OPENFHIR_CACHE_FHIR_CONNECT_TTL

-1

TTL in seconds for all FHIR Connect caches (context, all-contexts, mapper, and helpers). 0 = disabled, -1 = infinite.

OPENFHIR_CACHE_TENANT_TTL

-1

TTL in seconds for the tenant cache. 0 = disabled, -1 = infinite.

Entries are expired on a write basis: the TTL clock starts when the entry is first populated and resets on each cache miss that triggers a reload.

Explicit eviction

TTL expiry is a safety net, not the primary eviction mechanism. When a mapping, OPT, or tenant record is updated through the API, openFHIR immediately invalidates the relevant cache entry so that the next request reflects the change without waiting for the TTL to expire.

In a multi-node deployment, the node that processes the write broadcasts an invalidation message to all peers over the cluster channel. Peer nodes invalidate the same entry locally upon receipt. See High Availability for cluster configuration details.

Note

Cache invalidation is best-effort. A peer that is temporarily unreachable when a write occurs will not receive the invalidation event and may serve stale data until the TTL expires or the node is restarted. The database remains the authoritative source of truth at all times.

Disabling and pinning caches

Setting a TTL to 0 is useful in two scenarios:

  • Debugging — forces every request to hit the database, making it straightforward to verify that a mapping change is applied immediately without having to wait for expiry or trigger manual eviction.

  • Low-memory deployments — removes the in-memory overhead entirely.

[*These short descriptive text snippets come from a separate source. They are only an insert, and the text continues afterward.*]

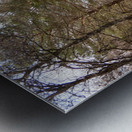 Winters Path Through The Scottish Highlands Metal print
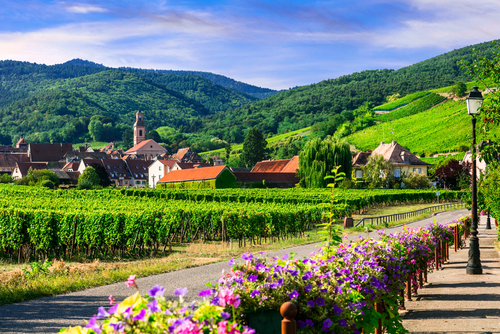 Picturesque countryside of Alsace region, famous 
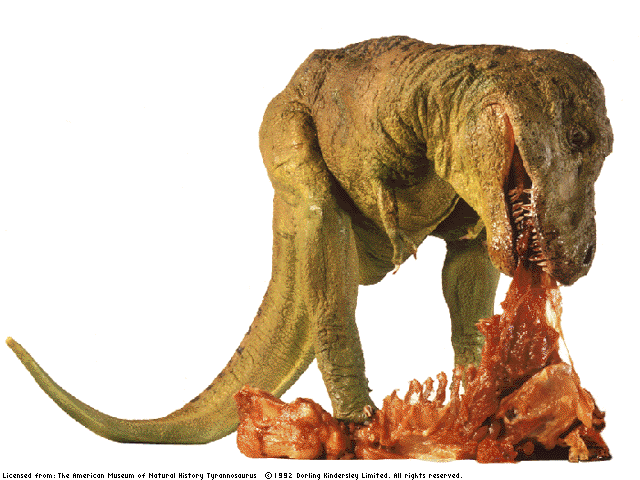 el tiranosaurio rex era herbivoro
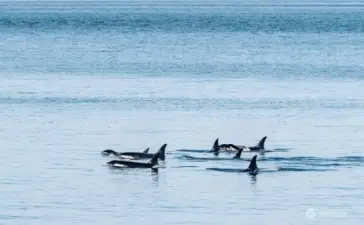 Seeing whales from the deck is not uncommon!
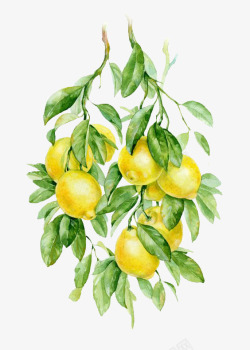 蜂蜜和柠檬手绘插画柠檬高清图片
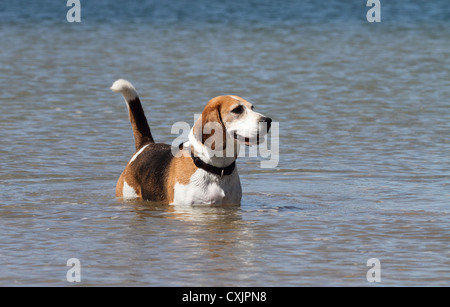 Beagle in piedi in acqua Foto Stock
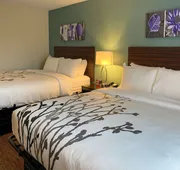 Sleep Inn & Suites - Coliseum Area hotel detail image 5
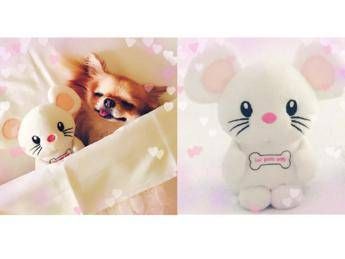 For Pets Only Presenta TopoMio 4 Love Christmas Edition! For Pets Only Presenta TopoMio 4 Love Christmas Edition!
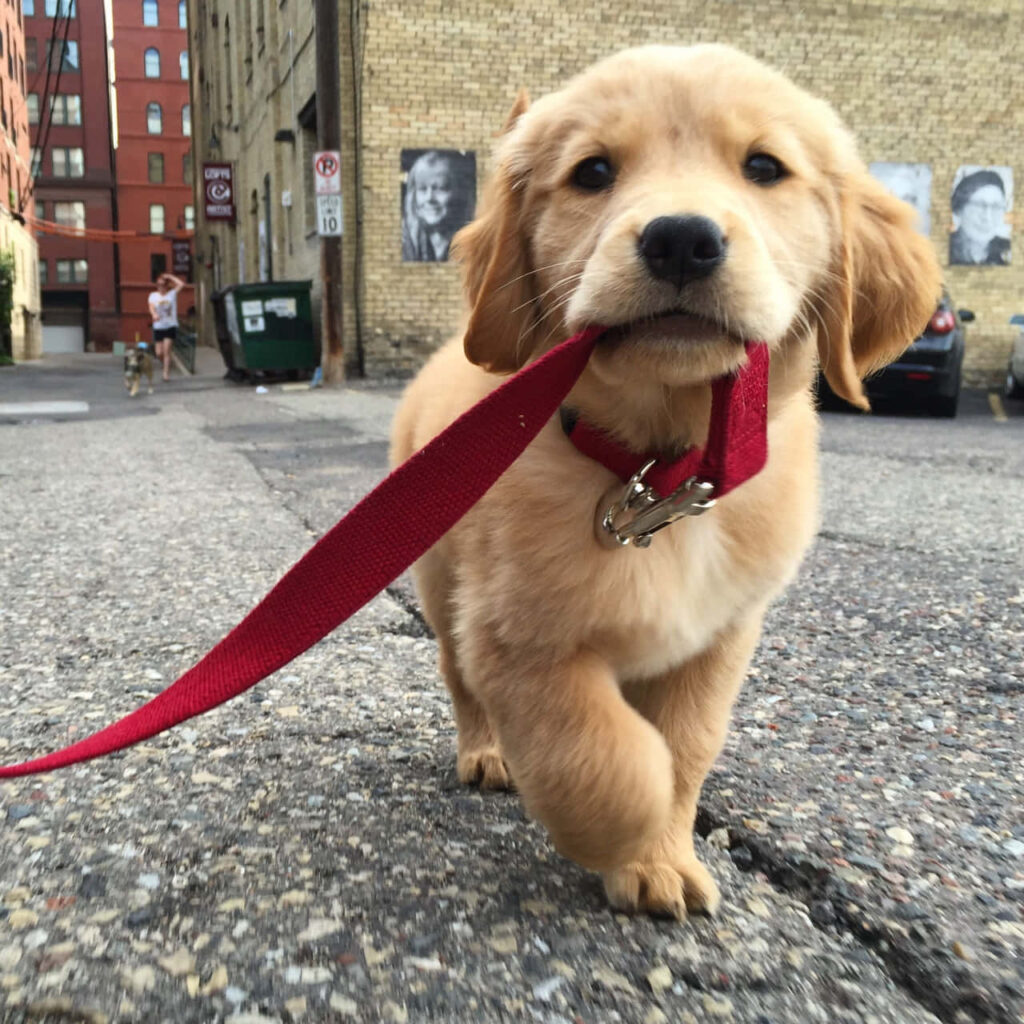 Adorable Golden Retriever Puppy Wallpaper: Playful Urban Charm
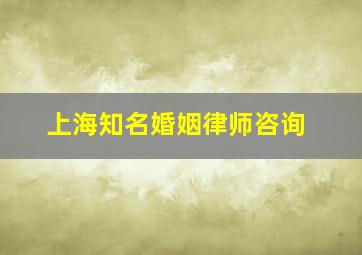 上海知名婚姻律师咨询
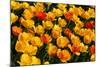 Tulips-Fedorkin-Mounted Photographic Print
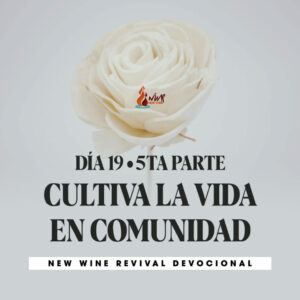 Read more about the article DÍA 19 – 5ta Parte • Cultiva la vida en comunidad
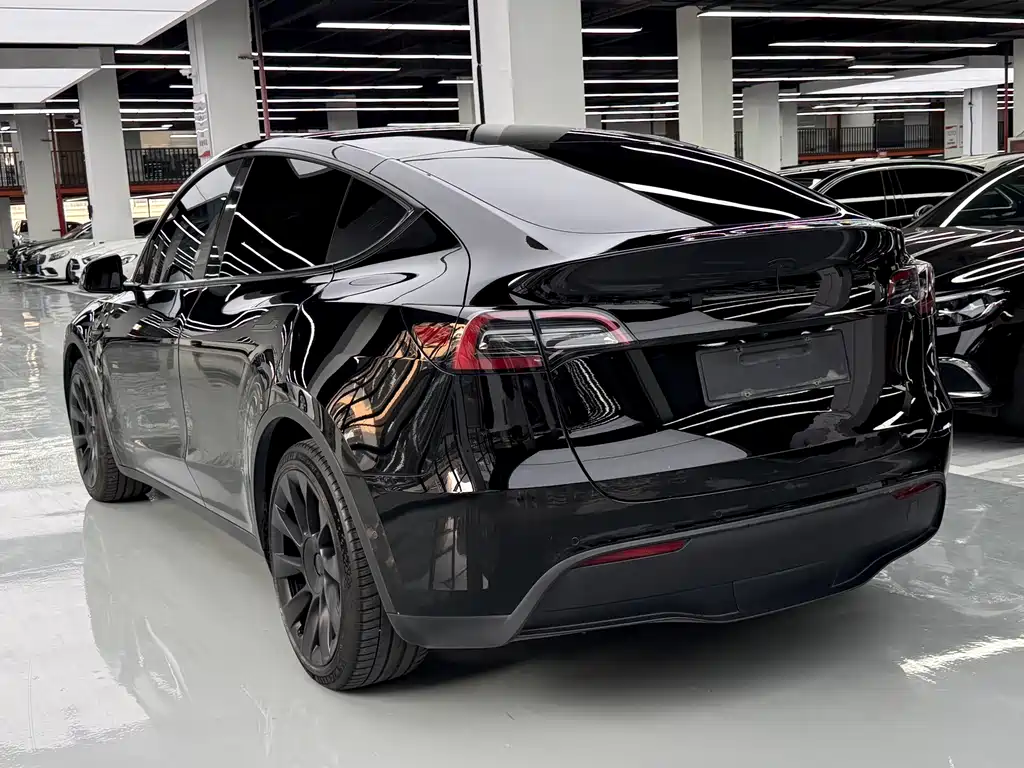 Tesla Model Y — миниатюра 14
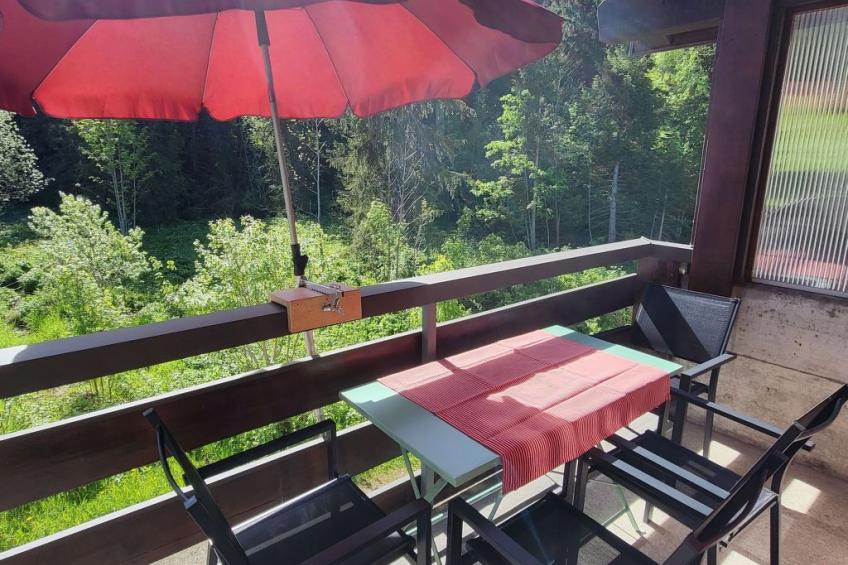 Fewo Pistenblick - foto 18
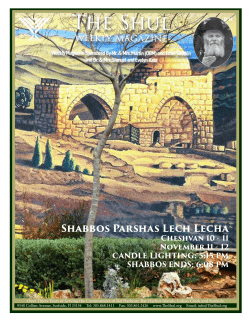 The Shul - ShulCloud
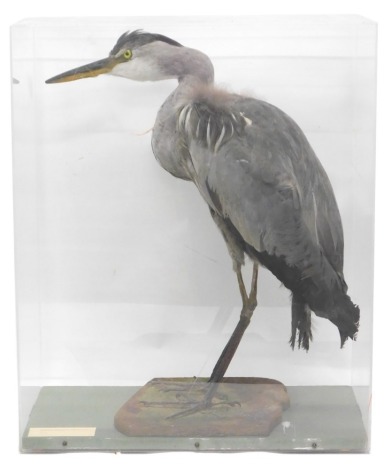 A taxidermied Heron, on naturalistic base, in perspex case, 63cm high, 51cm wide.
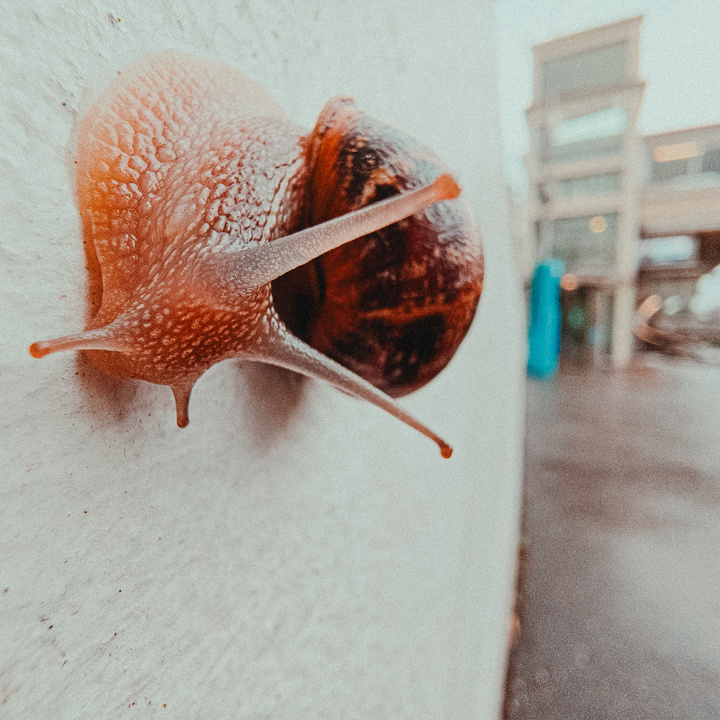 A snail cruising on a wall
https://www.flickr.com/photos/ztec/53978631636/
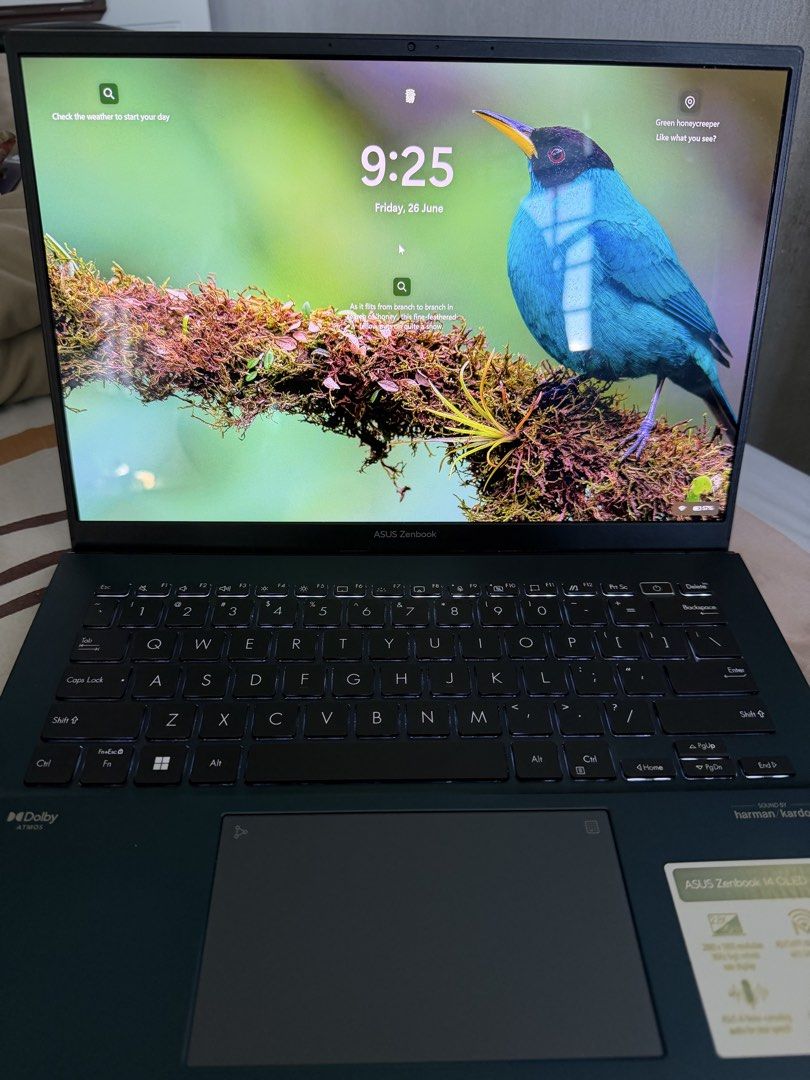 ASUS Zenbook 14 OLED (2023)Laptop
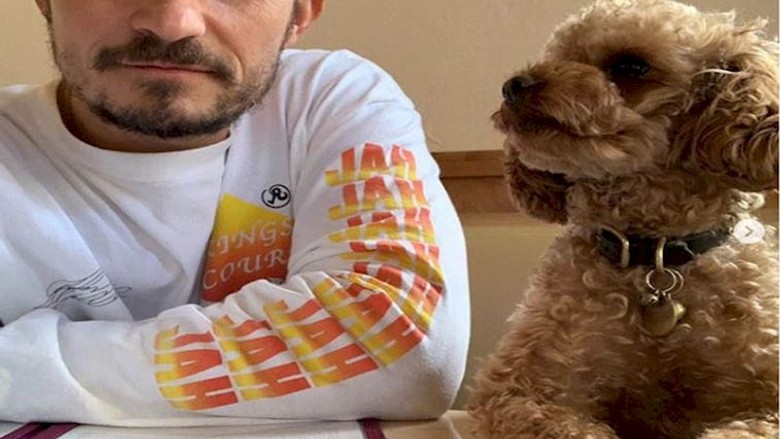 Orlando Bloom köpeğinin adını kalbine dövmeledi
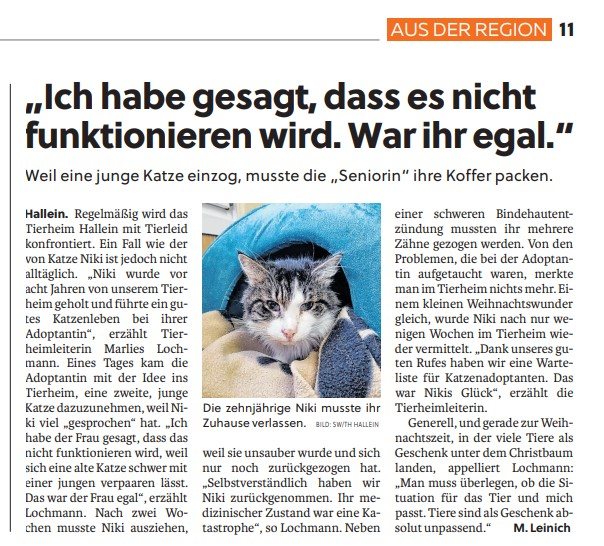 Die Geschichte von Katze NIKKI in den Tennengauer Nachrichten 19.12.24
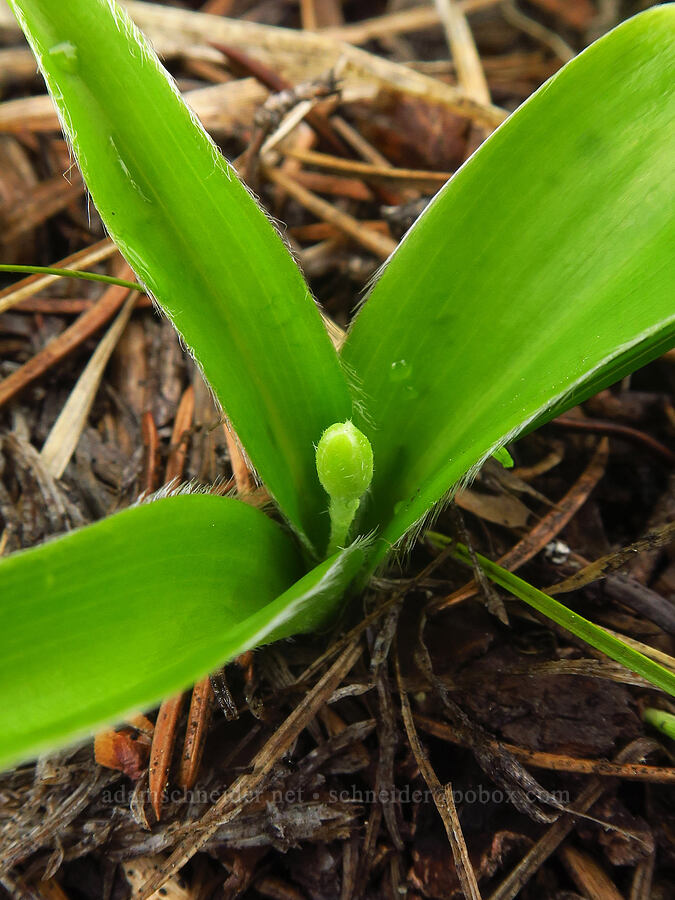 bead lily, budding (Clintonia uniflora) [Blue Lagoon Trail, Deschutes National Forest, Deschutes County, Oregon]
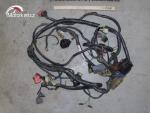Klikněte pro detailní foto č. 2 - Hlavní elektrický rozvod XL 650V Transalp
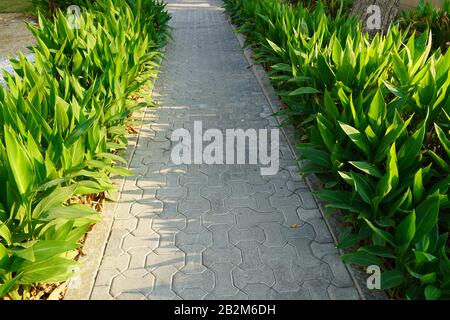 Blick auf den Landschaftsgarten mit Pflanzen und Steinen. Hinterhof des Wohnhauses. Steinerner Fußgängerweg, der in die Ferne geht. Stockfoto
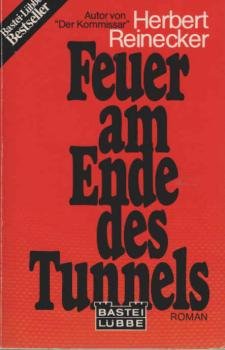 Feuer am Ende des Tunnels : Roman.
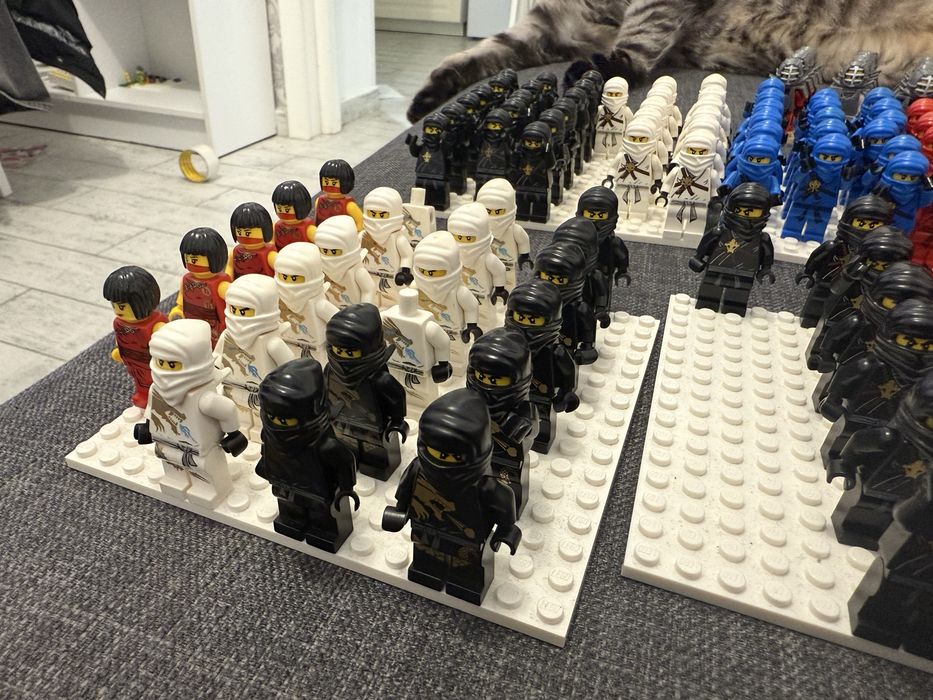 Figurine LEGO Ninjago Diverse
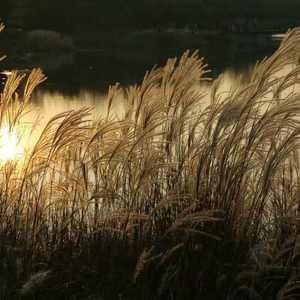 回忆录 「Prod.by sainwells」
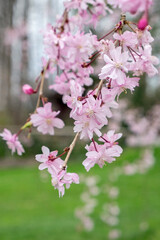 Branch of cherry blossoms, USA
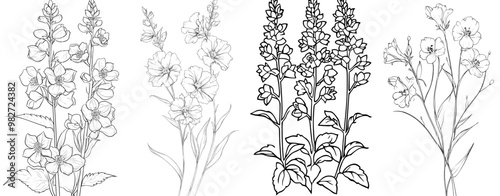 Flowers coloring sheets, book, Modern sketch of larkspur flowers, Hand-draught botanical leaf bud illustration, engraved ink art style, hand drawing larkspur flowers.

Expect a latency increase proportional to the database round-trip cost; see Performance for measured DB overhead by backend and resource configuration.

Setting a TTL to -1 is useful when entries should survive indefinitely and be evicted only on explicit invalidation (e.g. after an upsert or cluster broadcast):

  • Stable datasets — mappings and templates that change rarely benefit from never expiring silently; explicit eviction on upsert keeps the cache coherent without the overhead of periodic reloading.

Example (Docker Compose):

environment:
  OPENFHIR_CACHE_FHIR_CONNECT_TTL: 0    # disable context, mapper, and helpers caches entirely
  OPENFHIR_CACHE_OPT_TTL: 300           # override OPT cache to expire after 5 minutes

All other caches remain active with their default TTLs when only some variables are overridden.

Relationship to performance

The FHIR Connect cache group (mapper and helpers caches in particular) has the largest impact on latency. A cold start (no cached mappers) requires loading and compiling mapper indexes from the database on the first request for each tenant/template combination. Subsequent requests are served entirely from memory. See Performance for measured latency figures by hardware configuration.